-------- GIVEN RECORDS --------

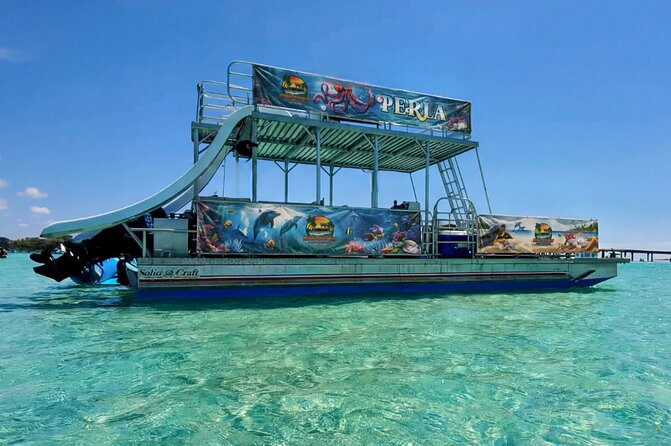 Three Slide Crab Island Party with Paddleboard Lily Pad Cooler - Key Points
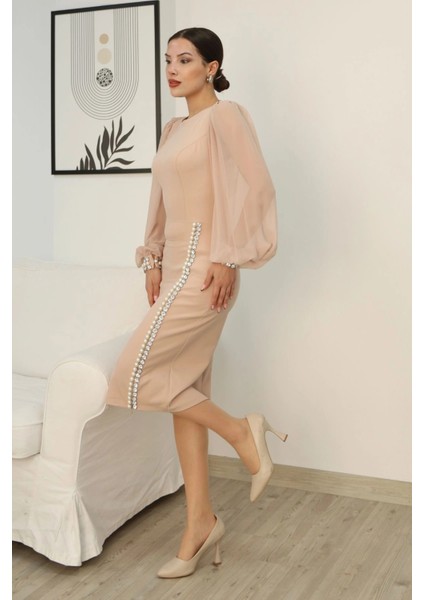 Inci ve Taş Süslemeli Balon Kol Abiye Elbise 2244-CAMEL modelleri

--------
-------- GIVEN RECORDS --------

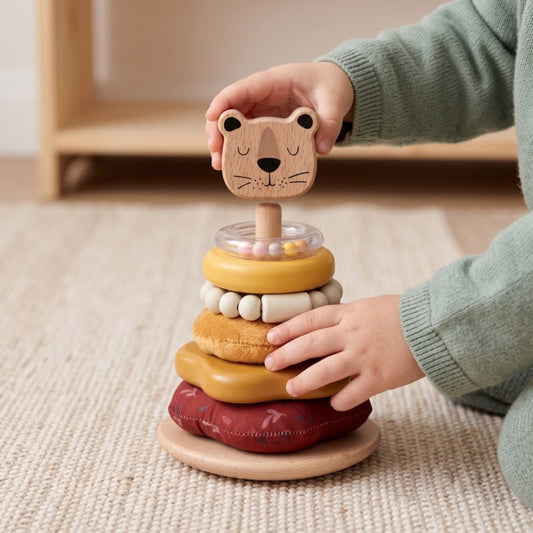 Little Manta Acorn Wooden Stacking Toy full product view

--------

» REQUIREMENT
The answer should consist only of the lines above from the one with "Three Slide Crab" through the one with "Inci ve Taş", repeated exactly, with no pictures among them.

» SOLUTION TO THE PROBLEM
 Three Slide Crab Island Party with Paddleboard Lily Pad Cooler - Key Points
 Inci ve Taş Süslemeli Balon Kol Abiye Elbise 2244-CAMEL modelleri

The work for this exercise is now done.